**Task:**
All lines below between the line with "a swimming pool" and the line with "Atlanta Falcons wide", including both, must be copied exactly, and the pictures must be omitted.

**Records provided:**
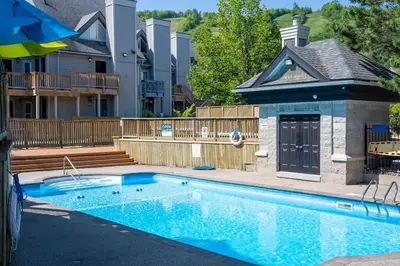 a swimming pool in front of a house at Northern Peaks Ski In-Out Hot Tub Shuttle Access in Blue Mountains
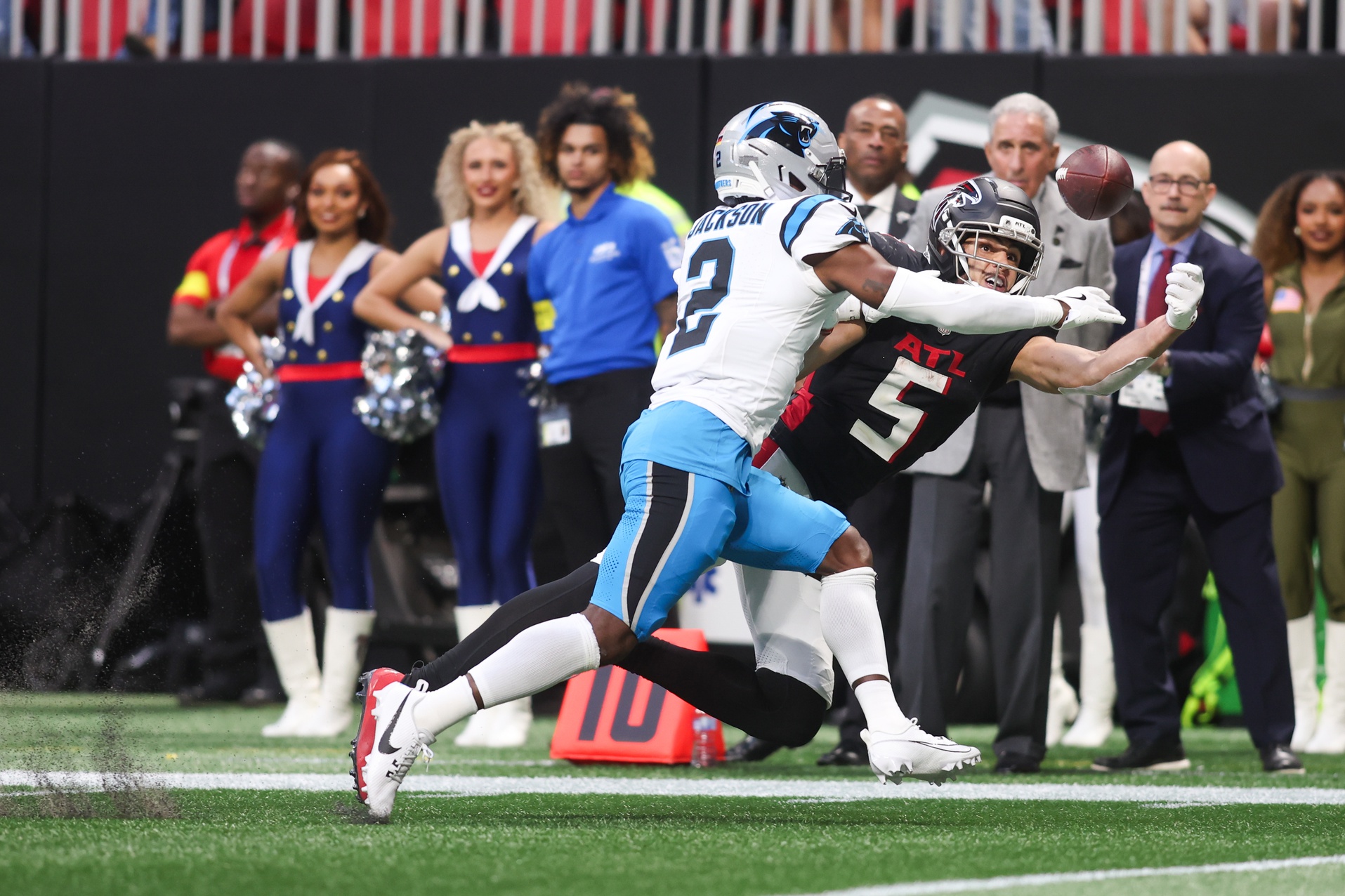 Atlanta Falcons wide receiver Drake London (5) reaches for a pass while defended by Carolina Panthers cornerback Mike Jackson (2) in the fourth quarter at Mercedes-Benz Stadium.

--

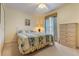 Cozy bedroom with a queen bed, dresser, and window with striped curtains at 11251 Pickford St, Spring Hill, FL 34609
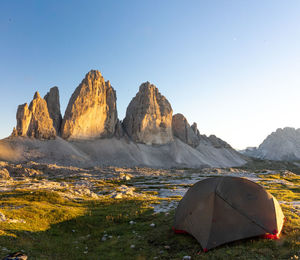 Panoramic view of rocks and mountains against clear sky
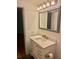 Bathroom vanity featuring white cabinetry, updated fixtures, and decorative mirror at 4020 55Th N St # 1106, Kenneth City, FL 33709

**Exercise answer:**
 a swimming pool in front of a house at Northern Peaks Ski In-Out Hot Tub Shuttle Access in Blue Mountains
 Atlanta Falcons wide receiver Drake London (5) reaches for a pass while defended by Carolina Panthers cornerback Mike Jackson (2) in the fourth quarter at Mercedes-Benz Stadium.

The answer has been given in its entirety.